What to produce
Please give back the listing exactly, without any of its pictures.

Provided data
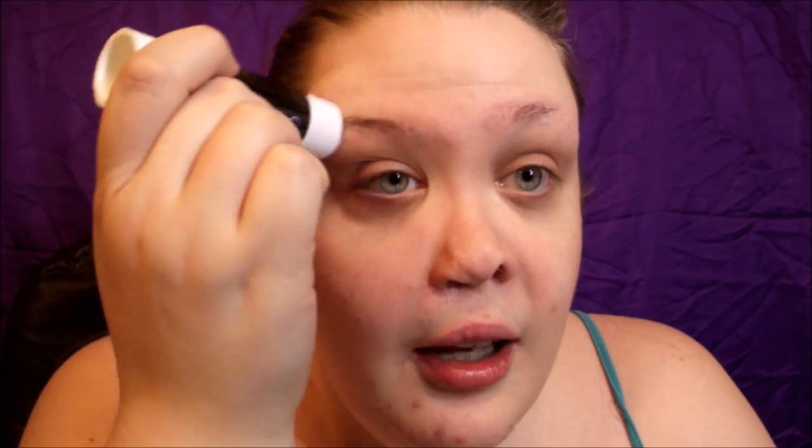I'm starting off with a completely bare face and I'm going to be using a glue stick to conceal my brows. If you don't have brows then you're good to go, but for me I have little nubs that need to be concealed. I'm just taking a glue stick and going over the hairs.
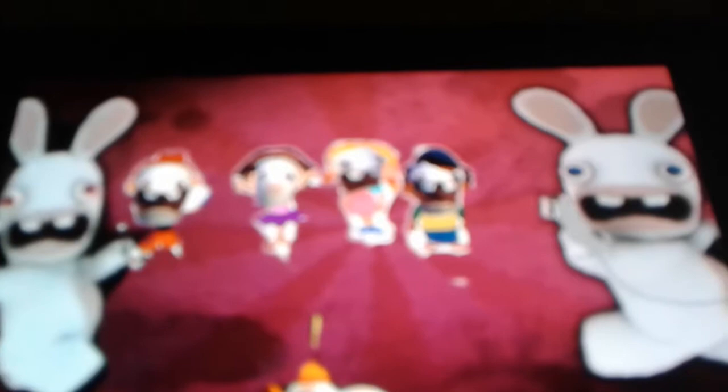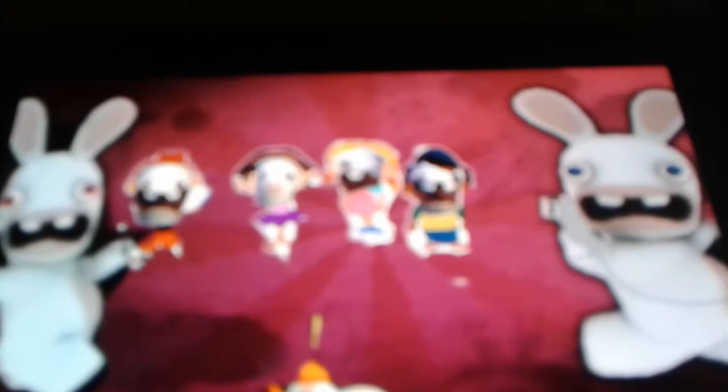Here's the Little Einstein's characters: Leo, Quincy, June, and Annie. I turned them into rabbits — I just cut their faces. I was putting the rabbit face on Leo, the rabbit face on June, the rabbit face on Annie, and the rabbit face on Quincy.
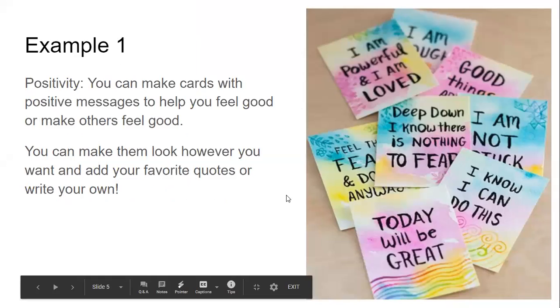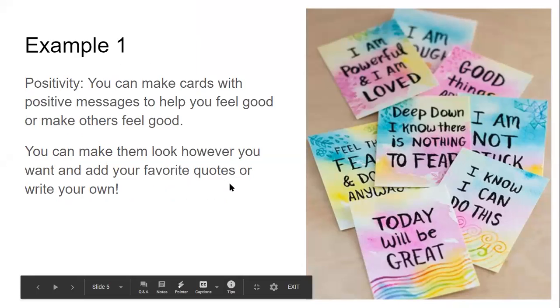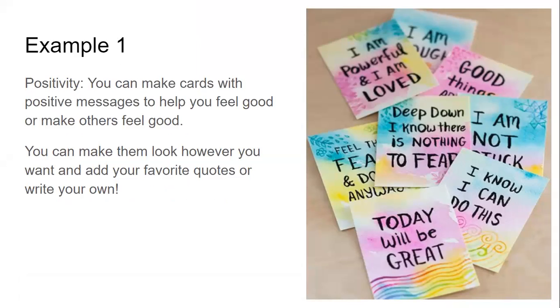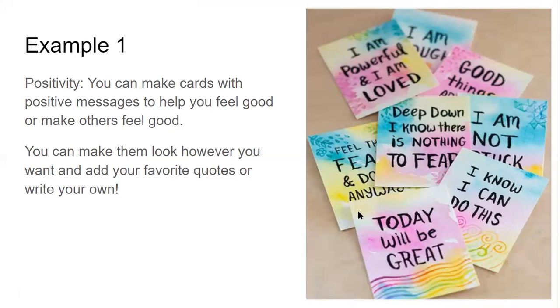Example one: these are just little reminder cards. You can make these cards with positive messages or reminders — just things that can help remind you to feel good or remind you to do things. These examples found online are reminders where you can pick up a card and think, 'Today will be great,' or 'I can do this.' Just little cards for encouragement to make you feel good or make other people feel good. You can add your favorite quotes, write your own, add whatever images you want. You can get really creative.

Solution to this problem
I'm starting off with a completely bare face and I'm going to be using a glue stick to conceal my brows. If you don't have brows then you're good to go, but for me I have little nubs that need to be concealed. I'm just taking a glue stick and going over the hairs.
Here's the Little Einstein's characters: Leo, Quincy, June, and Annie. I turned them into rabbits — I just cut their faces. I was putting the rabbit face on Leo, the rabbit face on June, the rabbit face on Annie, and the rabbit face on Quincy.
Example one: these are just little reminder cards. You can make these cards with positive messages or reminders — just things that can help remind you to feel good or remind you to do things. These examples found online are reminders where you can pick up a card and think, 'Today will be great,' or 'I can do this.' Just little cards for encouragement to make you feel good or make other people feel good. You can add your favorite quotes, write your own, add whatever images you want. You can get really creative.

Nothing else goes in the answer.